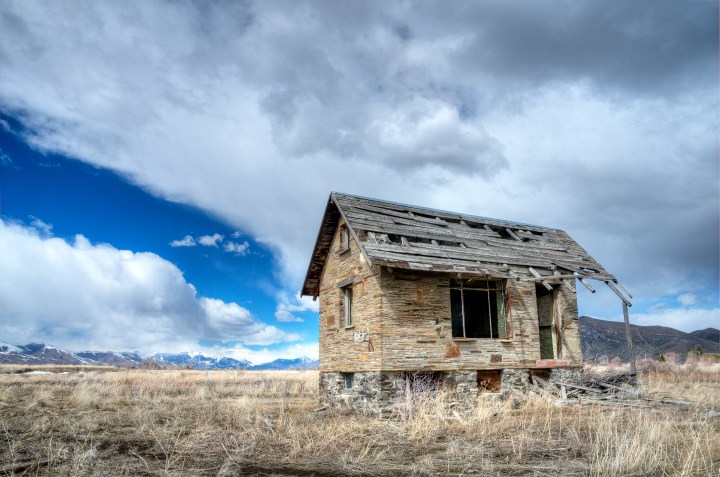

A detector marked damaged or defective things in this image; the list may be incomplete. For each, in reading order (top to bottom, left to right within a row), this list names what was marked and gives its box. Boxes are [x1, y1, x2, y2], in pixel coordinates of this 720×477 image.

broken window [450, 278, 506, 338]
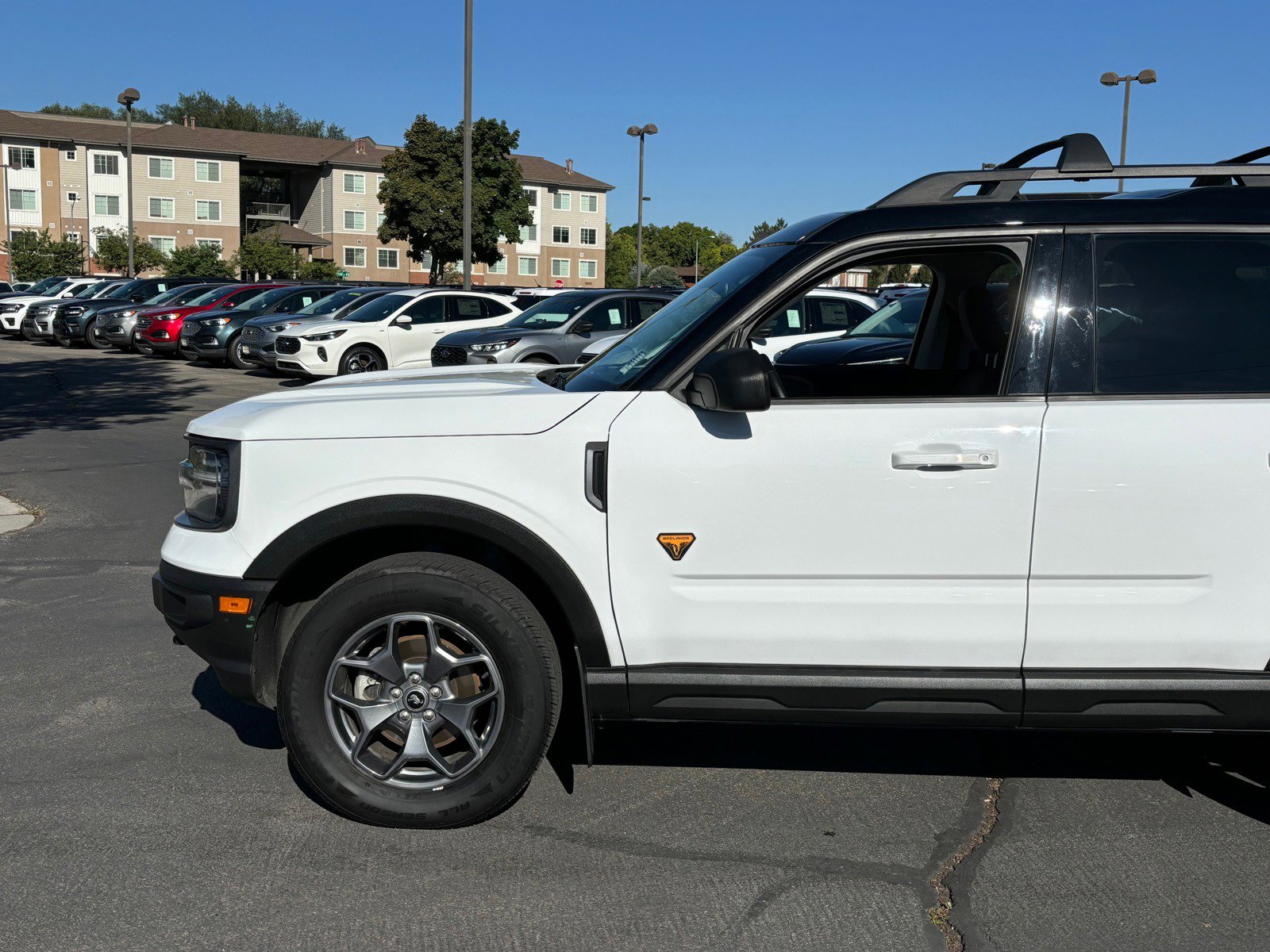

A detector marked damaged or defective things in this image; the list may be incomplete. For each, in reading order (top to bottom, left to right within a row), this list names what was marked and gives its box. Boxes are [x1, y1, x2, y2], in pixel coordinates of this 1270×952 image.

asphalt crack [921, 777, 1003, 946]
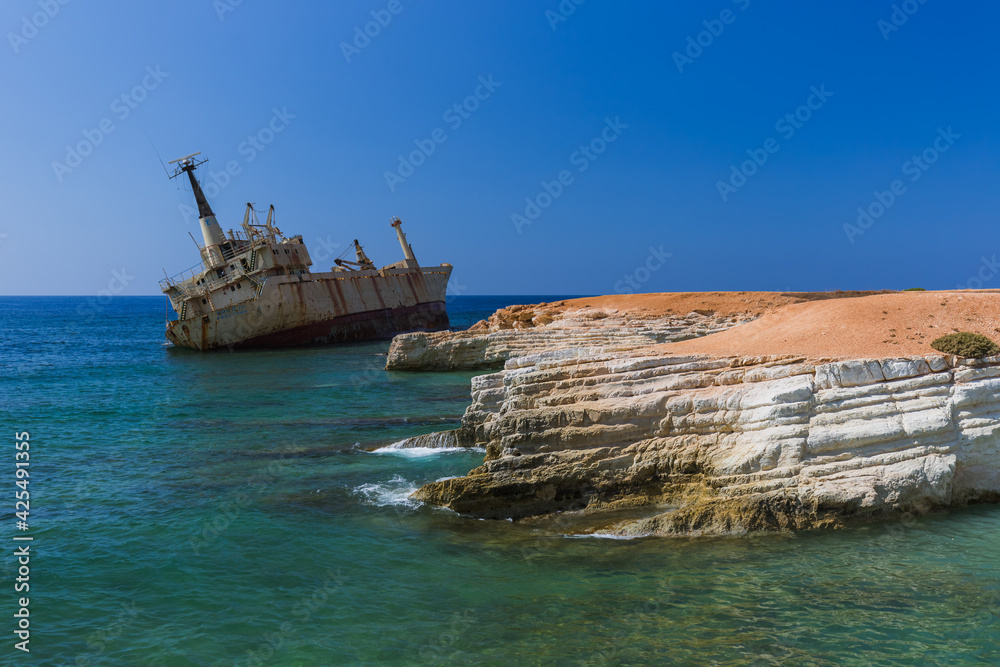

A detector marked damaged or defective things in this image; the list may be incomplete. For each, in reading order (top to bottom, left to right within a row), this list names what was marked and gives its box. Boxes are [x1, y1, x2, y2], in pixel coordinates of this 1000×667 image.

rusty ship hull [159, 151, 454, 350]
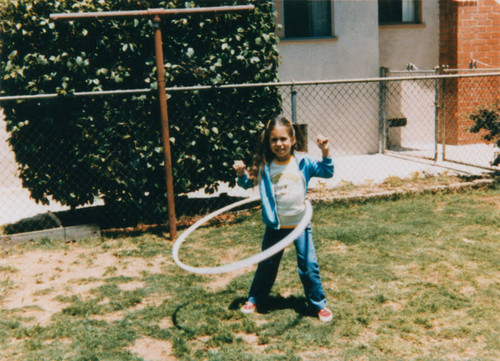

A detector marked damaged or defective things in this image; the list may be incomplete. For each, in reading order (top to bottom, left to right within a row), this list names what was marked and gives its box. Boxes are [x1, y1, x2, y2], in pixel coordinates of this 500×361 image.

rusty metal pole [153, 15, 177, 239]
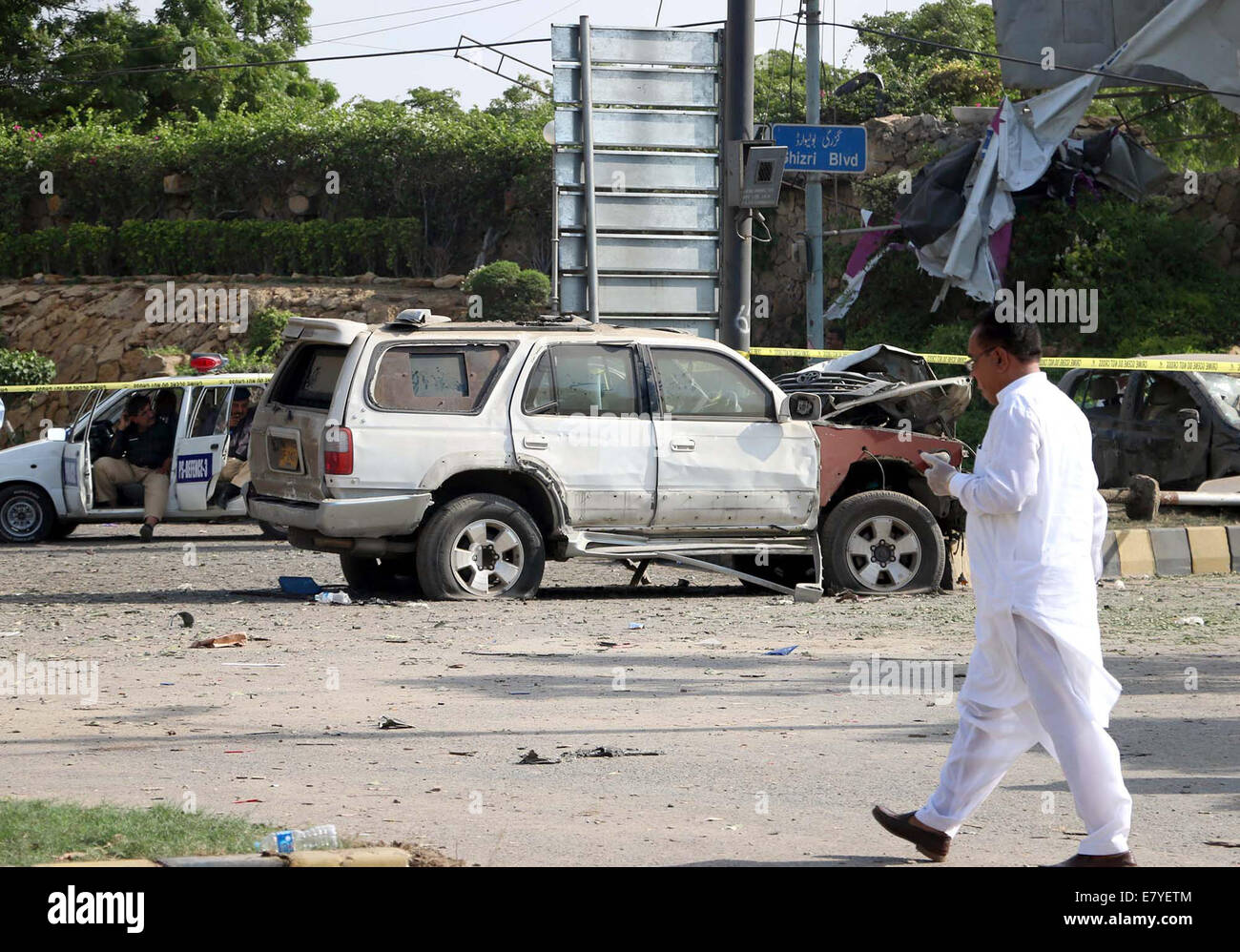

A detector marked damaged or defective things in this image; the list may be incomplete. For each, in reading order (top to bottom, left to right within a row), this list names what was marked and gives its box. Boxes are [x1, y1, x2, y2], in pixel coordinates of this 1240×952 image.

damaged white suv [248, 313, 965, 599]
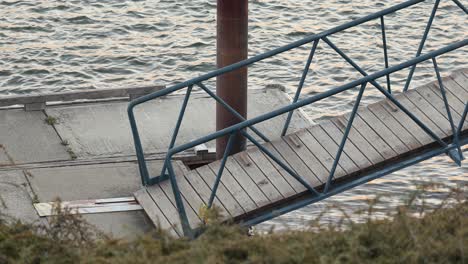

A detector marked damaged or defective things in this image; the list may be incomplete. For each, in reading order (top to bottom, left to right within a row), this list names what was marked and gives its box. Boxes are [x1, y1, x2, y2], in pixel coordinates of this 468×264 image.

rusty metal pole [216, 0, 249, 159]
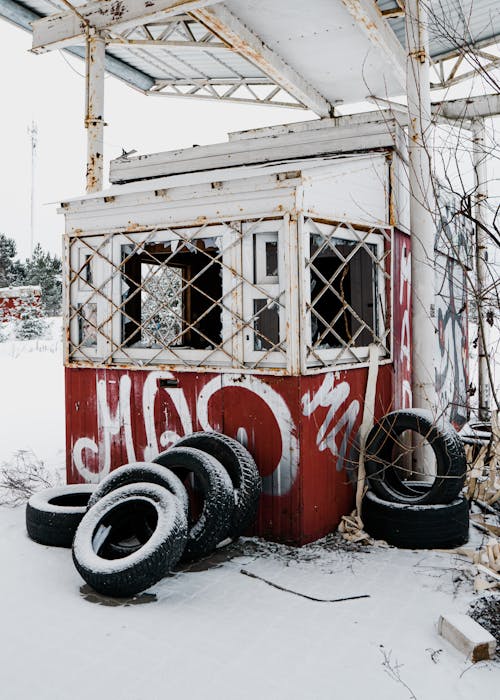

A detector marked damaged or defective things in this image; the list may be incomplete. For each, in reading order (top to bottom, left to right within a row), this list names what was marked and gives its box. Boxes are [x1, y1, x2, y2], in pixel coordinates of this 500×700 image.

rusted pole [85, 32, 105, 191]
broken window [304, 219, 390, 366]
rusted pole [404, 0, 436, 416]
rusted pole [472, 117, 492, 418]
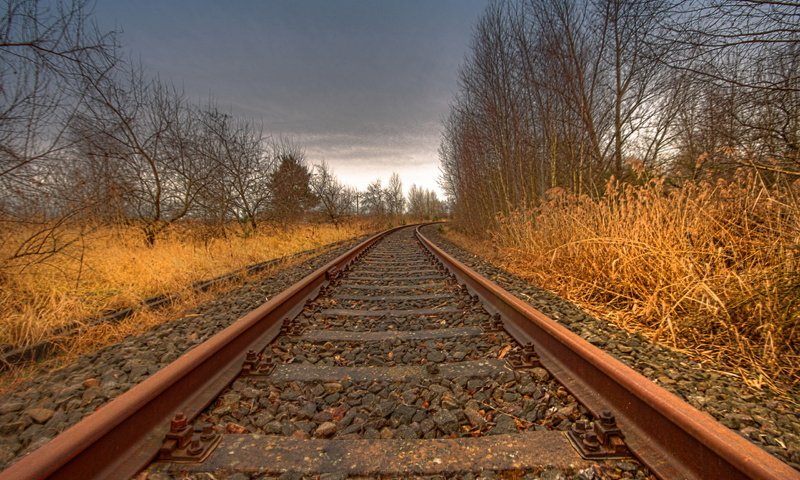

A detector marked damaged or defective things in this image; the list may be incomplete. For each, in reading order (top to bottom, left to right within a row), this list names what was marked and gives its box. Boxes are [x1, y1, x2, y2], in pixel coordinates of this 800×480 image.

(TASK TO COMPLETE)
Write out each line exactly, from the one containing "this 468×264 image." through the end of the entries, and skip the pictures.

(WORKED SOLUTION)
A detector marked damaged or defective things in this image; the list may be incomplete. For each, in reading order (top to bottom, left to right within a row), this list names what was marked and gives its box. Boxes are [x1, y1, x2, y2], in pixel coordinates of this 468×264 image.

rusty metal pole [216, 0, 249, 159]

A detector marked damaged or defective things in this image; the list may be incomplete. For each, in reading order (top to bottom, left to right within a row), this list names what was marked and gives its box. Boxes are [x1, y1, x2, y2], in pixel coordinates of this 500×700 image.

rusted pole [85, 32, 105, 191]
broken window [304, 219, 390, 366]
rusted pole [404, 0, 436, 416]
rusted pole [472, 117, 492, 418]

A detector marked damaged or defective things in this image; the list may be incomplete. For each, in reading order (top to bottom, left to right within a row), this list names what was marked and gives its box. Boxes are [x1, y1, x2, y2], in pixel coordinates of this 800×480 image.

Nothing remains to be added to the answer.